That misreading is the principal Elsinorean activity, and a phenomenon that precedes the Ghost's disturbing revelations, is in fact evident from the play's very beginning. The characters of Elsinore are all trying to impose their reading of events and phenomena on others while blocking those of others (Payne 100-11). Hartman has suggested (in the reference given above), that the whole plot of the opening scene with its play of murky happenings and confused identities enacts the phenomenology of readings that challenge the reader. The principal element in that phenomenology is the riddling apparition that resists the semantic probings of the skeptic philosopher, Horatio. The nocturnal visitor affords neither him, nor Barnardo, Francisco, or Marcellus, any more sense than the vague discomfort that “it bodes some strange eruption” to the state (1.1.69), or, as Marcellus articulates it later, that “Something is rotten in the state of Denmark” (1.4.89). The blocked reading merely renews the desire to read, with the hope that the “dumbness” of illegibility may give way to the legibility of “speech” with a changed reader—“young Hamlet” (1.1.170-71).10 But the request for a reading privileges a legibility in that reader himself that cannot pass unchallenged by him.
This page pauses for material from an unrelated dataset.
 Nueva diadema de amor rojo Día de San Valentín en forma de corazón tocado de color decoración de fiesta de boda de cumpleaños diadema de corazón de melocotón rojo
The aim of Hamlet's canny cross-examination of Horatio and the guards is to flush out any hidden agendas they may have in inviting him to read the specter as his father:
Ham: Arm'd say you?
Hor: Arm'd, my lord.
Ham: From top to toe?
Hor: My lord, from head to foot.
Ham: Then saw you not his face? …
Ham: His beard was grisl'd, no?
Hor: It was, as I have seen it in his life, a sable silver'd.
(1.2.226-40)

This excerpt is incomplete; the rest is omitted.